**The task**
Give back exactly the lines running from the line with "Manual definitivo de" to the end of the entries, and only those lines.

**Data for this exercise**
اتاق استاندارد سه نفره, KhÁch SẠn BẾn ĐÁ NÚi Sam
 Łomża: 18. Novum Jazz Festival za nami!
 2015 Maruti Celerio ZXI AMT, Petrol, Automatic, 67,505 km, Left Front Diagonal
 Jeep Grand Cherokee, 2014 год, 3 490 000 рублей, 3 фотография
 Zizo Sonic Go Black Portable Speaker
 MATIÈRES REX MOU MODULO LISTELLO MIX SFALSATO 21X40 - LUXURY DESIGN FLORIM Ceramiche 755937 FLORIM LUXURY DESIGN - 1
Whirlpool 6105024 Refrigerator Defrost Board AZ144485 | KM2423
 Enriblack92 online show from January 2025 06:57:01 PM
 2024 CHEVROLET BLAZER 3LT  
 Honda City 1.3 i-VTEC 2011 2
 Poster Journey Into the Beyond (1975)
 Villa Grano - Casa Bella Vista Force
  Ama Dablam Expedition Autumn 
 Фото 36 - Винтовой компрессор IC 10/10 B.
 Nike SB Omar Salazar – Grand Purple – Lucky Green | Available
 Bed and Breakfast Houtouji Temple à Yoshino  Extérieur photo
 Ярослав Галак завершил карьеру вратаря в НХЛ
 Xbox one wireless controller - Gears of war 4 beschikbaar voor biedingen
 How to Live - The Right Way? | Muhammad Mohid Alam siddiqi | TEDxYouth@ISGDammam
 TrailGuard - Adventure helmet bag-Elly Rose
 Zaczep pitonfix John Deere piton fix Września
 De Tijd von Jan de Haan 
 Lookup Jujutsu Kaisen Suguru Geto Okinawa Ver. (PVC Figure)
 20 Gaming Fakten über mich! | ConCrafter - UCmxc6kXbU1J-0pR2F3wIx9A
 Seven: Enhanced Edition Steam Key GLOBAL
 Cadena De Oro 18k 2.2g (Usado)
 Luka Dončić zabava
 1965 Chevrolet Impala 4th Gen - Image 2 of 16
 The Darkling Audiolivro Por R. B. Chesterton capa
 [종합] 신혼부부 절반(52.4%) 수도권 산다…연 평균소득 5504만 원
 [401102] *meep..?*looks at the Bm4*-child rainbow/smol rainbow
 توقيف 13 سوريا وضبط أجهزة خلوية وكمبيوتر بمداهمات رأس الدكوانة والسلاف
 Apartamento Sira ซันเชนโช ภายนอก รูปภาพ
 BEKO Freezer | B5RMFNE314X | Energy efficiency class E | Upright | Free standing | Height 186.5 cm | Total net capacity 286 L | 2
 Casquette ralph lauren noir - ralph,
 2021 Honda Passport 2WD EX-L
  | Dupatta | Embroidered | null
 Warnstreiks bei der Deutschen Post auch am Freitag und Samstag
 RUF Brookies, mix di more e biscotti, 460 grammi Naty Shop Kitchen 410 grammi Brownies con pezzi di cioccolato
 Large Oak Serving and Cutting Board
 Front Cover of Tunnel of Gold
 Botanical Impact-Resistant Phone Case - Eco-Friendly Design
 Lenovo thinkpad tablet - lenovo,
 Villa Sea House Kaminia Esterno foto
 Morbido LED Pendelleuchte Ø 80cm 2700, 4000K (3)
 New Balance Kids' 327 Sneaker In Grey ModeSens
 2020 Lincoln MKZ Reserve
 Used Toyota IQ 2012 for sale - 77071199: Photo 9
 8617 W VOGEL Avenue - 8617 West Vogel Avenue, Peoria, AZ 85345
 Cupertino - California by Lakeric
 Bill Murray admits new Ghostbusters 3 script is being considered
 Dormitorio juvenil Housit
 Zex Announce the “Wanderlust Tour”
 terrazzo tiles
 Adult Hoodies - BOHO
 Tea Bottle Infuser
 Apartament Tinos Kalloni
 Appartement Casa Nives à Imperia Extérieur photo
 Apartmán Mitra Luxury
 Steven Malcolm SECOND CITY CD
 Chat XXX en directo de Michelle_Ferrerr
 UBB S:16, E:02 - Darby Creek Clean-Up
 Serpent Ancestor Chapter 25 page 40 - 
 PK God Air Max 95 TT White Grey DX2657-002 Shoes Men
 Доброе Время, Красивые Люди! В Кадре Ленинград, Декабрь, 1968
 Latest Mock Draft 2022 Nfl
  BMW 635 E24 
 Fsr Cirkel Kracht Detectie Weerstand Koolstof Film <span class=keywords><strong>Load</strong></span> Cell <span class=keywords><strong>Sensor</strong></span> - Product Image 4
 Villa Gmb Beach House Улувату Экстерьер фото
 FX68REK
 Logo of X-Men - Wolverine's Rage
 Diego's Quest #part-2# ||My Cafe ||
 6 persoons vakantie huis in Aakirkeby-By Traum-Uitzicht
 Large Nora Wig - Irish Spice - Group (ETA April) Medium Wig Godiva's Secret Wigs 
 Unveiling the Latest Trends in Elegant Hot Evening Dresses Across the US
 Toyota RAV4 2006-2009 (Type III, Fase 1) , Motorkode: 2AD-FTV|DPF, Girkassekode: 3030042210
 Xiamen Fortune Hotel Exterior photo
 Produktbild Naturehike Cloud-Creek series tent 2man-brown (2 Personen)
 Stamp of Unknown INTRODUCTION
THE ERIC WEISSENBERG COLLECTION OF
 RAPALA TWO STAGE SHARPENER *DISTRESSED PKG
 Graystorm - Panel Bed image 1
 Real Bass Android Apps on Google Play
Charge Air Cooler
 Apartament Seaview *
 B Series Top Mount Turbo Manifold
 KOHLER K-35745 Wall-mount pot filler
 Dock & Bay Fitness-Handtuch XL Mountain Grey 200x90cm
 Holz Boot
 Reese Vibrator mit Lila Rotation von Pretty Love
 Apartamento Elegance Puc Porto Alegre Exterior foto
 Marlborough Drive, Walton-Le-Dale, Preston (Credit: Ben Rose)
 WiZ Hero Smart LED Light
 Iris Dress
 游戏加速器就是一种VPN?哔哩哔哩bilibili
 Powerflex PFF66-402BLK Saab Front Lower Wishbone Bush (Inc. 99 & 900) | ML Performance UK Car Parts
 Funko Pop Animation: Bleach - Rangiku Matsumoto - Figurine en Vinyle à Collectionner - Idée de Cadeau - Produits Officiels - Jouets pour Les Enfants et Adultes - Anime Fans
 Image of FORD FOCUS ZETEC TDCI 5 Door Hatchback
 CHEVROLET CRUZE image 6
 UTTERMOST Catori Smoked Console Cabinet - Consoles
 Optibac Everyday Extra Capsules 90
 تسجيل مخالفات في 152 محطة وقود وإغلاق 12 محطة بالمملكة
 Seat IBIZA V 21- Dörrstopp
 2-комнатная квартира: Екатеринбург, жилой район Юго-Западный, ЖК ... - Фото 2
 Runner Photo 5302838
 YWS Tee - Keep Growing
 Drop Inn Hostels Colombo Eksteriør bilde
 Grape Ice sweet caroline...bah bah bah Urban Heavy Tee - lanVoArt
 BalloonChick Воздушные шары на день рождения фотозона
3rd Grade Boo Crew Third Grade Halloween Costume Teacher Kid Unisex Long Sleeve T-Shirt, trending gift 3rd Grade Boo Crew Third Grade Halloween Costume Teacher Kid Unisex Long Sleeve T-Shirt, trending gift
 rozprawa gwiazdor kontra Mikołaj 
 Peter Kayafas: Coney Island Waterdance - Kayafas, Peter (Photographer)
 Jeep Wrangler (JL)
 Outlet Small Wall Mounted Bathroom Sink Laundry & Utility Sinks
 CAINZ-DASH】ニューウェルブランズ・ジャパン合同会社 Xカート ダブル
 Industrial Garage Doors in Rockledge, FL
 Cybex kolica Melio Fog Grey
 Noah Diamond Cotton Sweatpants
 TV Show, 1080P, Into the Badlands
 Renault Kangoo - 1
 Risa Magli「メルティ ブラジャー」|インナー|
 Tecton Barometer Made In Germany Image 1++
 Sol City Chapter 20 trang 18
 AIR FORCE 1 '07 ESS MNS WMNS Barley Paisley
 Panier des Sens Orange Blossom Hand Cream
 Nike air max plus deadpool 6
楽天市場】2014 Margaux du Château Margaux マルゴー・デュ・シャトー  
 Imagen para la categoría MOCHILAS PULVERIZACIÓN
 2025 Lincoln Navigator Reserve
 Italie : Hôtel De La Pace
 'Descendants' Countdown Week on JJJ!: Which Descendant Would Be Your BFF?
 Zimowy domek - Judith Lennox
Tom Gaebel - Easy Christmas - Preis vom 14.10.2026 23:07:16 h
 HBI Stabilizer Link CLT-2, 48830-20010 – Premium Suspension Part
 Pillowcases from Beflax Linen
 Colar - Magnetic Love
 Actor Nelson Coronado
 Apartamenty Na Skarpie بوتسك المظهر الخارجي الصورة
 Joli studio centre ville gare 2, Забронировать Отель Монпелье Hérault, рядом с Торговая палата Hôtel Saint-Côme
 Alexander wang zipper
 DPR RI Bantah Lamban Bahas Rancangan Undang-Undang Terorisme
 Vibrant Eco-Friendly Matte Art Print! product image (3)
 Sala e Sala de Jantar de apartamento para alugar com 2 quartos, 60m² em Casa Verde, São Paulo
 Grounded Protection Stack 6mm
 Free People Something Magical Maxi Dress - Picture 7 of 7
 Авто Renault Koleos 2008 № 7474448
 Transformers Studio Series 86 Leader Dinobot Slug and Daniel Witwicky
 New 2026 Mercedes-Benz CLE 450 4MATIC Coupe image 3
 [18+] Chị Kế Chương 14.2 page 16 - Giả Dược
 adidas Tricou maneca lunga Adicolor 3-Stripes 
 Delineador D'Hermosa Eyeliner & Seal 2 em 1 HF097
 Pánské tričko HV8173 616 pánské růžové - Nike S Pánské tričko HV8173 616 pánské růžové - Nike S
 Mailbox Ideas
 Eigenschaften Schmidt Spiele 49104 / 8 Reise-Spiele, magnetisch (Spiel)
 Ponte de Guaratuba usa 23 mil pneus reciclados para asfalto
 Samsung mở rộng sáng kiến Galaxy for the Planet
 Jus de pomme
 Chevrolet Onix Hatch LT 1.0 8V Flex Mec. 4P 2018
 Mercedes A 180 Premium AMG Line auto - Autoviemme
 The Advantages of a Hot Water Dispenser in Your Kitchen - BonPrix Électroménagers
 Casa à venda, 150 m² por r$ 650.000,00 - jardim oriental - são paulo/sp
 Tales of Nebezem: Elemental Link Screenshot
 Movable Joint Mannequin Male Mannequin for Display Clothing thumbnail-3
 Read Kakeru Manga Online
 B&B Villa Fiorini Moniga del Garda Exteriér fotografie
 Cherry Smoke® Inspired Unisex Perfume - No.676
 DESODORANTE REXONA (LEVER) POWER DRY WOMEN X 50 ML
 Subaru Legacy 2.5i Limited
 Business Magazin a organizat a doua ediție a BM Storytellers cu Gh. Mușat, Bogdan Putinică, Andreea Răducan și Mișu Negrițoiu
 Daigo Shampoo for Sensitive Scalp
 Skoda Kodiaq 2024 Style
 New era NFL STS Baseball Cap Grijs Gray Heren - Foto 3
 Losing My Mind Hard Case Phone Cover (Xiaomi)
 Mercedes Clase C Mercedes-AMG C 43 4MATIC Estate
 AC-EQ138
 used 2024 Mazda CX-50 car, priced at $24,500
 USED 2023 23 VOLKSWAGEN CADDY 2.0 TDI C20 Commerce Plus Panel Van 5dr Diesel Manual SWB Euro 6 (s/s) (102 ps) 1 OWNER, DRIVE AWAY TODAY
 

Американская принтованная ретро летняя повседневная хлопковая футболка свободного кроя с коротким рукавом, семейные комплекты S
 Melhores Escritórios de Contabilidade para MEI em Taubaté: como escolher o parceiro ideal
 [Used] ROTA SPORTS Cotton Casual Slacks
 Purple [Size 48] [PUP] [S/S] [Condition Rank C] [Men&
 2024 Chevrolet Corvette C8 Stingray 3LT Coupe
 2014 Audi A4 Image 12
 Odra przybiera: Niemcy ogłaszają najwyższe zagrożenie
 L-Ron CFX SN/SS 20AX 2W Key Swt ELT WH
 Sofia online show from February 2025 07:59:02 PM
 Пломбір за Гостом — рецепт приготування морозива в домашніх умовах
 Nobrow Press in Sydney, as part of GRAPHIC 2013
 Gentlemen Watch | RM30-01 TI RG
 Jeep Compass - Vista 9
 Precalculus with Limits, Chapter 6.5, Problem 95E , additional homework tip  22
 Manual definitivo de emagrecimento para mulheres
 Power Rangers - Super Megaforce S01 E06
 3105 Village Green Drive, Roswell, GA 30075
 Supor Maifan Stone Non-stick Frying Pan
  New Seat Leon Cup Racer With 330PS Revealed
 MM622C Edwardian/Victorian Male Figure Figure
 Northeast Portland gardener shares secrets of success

**Solution for this task**
 Manual definitivo de emagrecimento para mulheres
 Power Rangers - Super Megaforce S01 E06
 3105 Village Green Drive, Roswell, GA 30075
 Supor Maifan Stone Non-stick Frying Pan
  New Seat Leon Cup Racer With 330PS Revealed
 MM622C Edwardian/Victorian Male Figure Figure
 Northeast Portland gardener shares secrets of success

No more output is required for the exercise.